TEMPO program set to open Southside location
By St. Clair Murraine
Outlook staff writer
Jaeqwaun Hover could not believe when his high school counselor told him at the start of his senior year that he didn’t have enough credits to graduate.
He pleaded his case, even saying he’d take extra classes to make up the need credit. Nothing worked.
“I’m not going to lie; I cried,” Hover said.
He enrolled in adult education courses in hopes of earning a GED. His life took a different turn midway through the semester when he ran into Kimball Thomas, director of Tallahassee Engage in Meaningful Productivity for Opportunity, commonly known as TEMPO.
Hover, who has also had run-ins with the law, said meeting Thomas changed his life. He has his GED and is holding down a fast-food job.
He wants more.
“I’m a hands-on person,” he said. “I rather to get paid for the job I’m putting in. I’m trying to look for something that I would have a set goal in life. A trade is something that nobody can take away from you. I want to be an entrepreneur and own my own business.”
Hover is the kind of young person that the City Commission set out to reach when it started TEMPO as a diversion for at-risk young people. One of its goals is to impact poverty and quality of life in neighborhoods that have high crime and dropout rates.
Thomas has recruited more than the program’s current 1,091 participants in the three years since it started. He hoped to get even more participants between age 16 to 24 when the city opens a new TEMPO office on the Southside.

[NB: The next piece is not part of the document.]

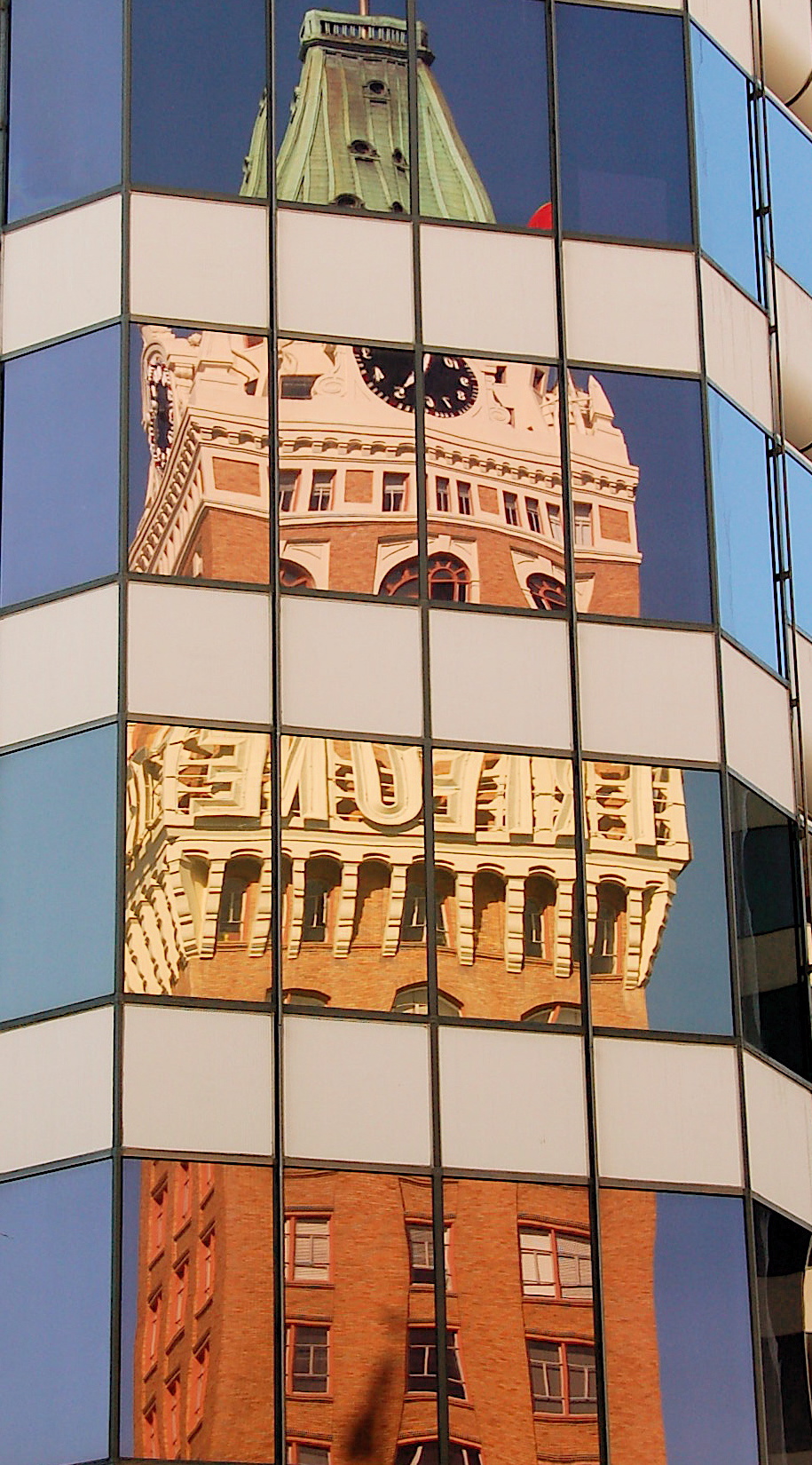 a very large building and clock tower reflected in some buildings windows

A date is still to be announced, but Thomas is optimistic it will open before the end of September. The new office is located in the Towne South Center, less than a quarter mile from where Thomas signed up his first prospect off Texas Street.
Seventy-one graduates of the program have gone on to higher education. Most took a path to Tallahassee Community College, which has a memorandum of understanding to allow participants to attend the junior college.

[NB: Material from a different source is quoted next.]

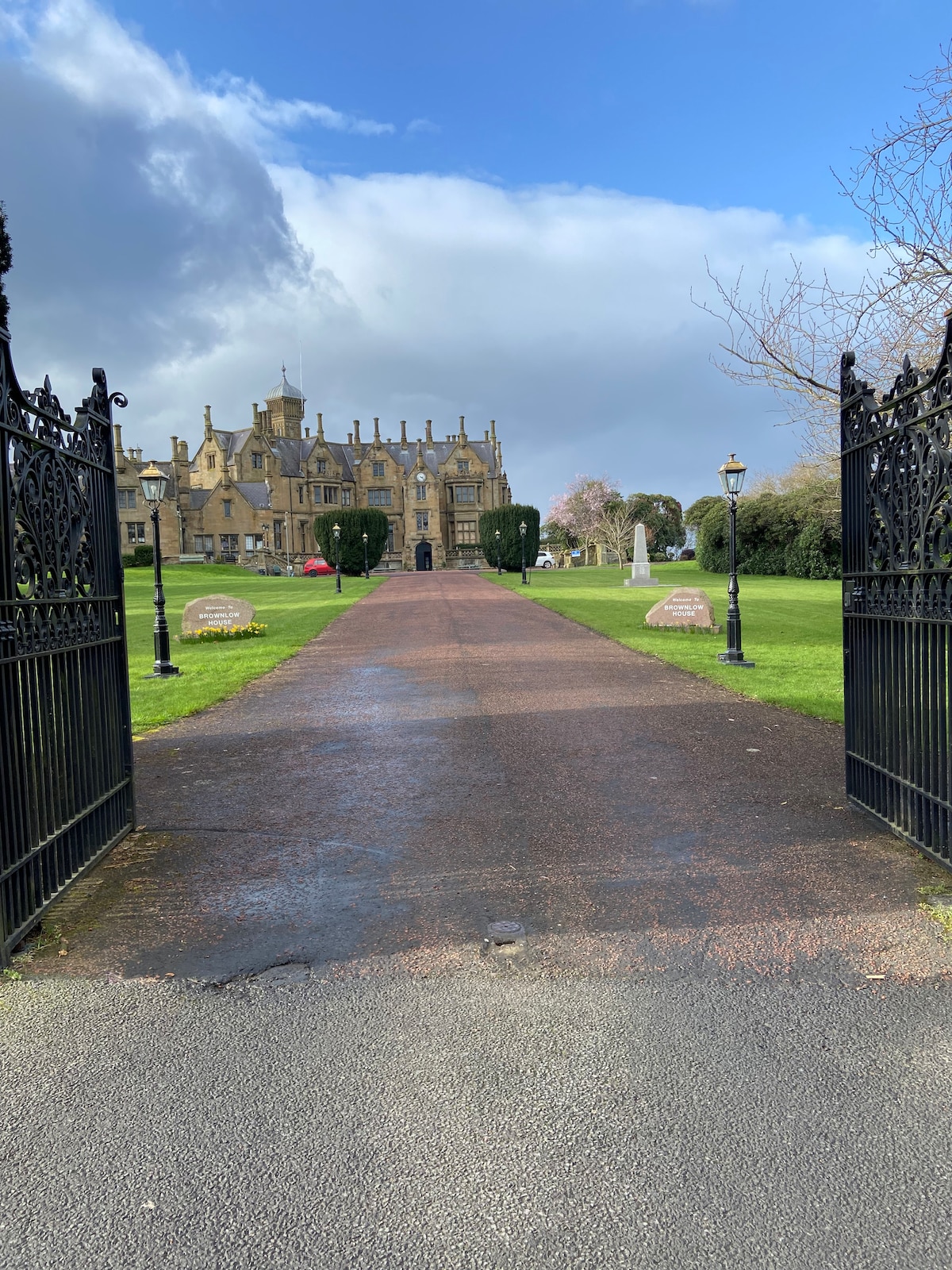 A grand entrance is visible through ornate iron gates, revealing a long paved driveway leading to an impressive historical building. Lush greenery and well-maintained lawns frame the path, while decorative lampposts and sculptural elements add character to the picturesque landscape.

While most of the participants have had trouble with law enforcement, Thomas boasts that none who has gone through the program has recidivated.
His expectations are the same as when he was a school teacher and principal at Rickards High School, Thomas said.

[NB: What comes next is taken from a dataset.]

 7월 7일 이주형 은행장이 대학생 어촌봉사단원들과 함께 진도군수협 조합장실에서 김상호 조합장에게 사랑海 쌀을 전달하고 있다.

“Working with young people and watching them get that ah-ha moment, that’s what you look for in a kid; that ah-ha moment and watch them grow and see how they could just take their lives and take off,” he said. “That’s imbedded in me. I tell them when I first meet them that I’m their principal on the streets. Kids take from that. They like to have an authoritative figure in their lives that they can look up to and that figure respects them.”
Thomas has no restriction on where he’d go to find prospects for the program. He met Cassie Hayes when she was working at a produce market.
She told him her story about having to drop out of high school in 11th grade to take care of an ailing relative. Thomas went to work on setting her up to work on getting a GED.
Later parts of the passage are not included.